*Your objective:* Would you please return the line containing "Coussin Pastel Pink" and all the lines after it through the end of the records below, unchanged and on their own?

[Data listing]

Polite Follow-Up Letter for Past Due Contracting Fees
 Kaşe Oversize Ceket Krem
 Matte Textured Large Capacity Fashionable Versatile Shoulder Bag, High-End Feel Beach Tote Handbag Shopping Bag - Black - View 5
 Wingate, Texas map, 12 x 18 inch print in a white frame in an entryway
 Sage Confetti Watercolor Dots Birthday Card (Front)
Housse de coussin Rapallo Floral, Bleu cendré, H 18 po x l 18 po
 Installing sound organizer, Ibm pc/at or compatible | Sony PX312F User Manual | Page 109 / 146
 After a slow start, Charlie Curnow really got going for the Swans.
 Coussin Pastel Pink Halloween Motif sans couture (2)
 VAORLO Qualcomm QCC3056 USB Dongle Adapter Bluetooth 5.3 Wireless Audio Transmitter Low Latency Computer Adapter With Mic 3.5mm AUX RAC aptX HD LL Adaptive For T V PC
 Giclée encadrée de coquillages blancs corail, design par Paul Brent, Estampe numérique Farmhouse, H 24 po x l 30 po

[/Data listing]

*Response for this exercise:*
 Coussin Pastel Pink Halloween Motif sans couture (2)
 VAORLO Qualcomm QCC3056 USB Dongle Adapter Bluetooth 5.3 Wireless Audio Transmitter Low Latency Computer Adapter With Mic 3.5mm AUX RAC aptX HD LL Adaptive For T V PC
 Giclée encadrée de coquillages blancs corail, design par Paul Brent, Estampe numérique Farmhouse, H 24 po x l 30 po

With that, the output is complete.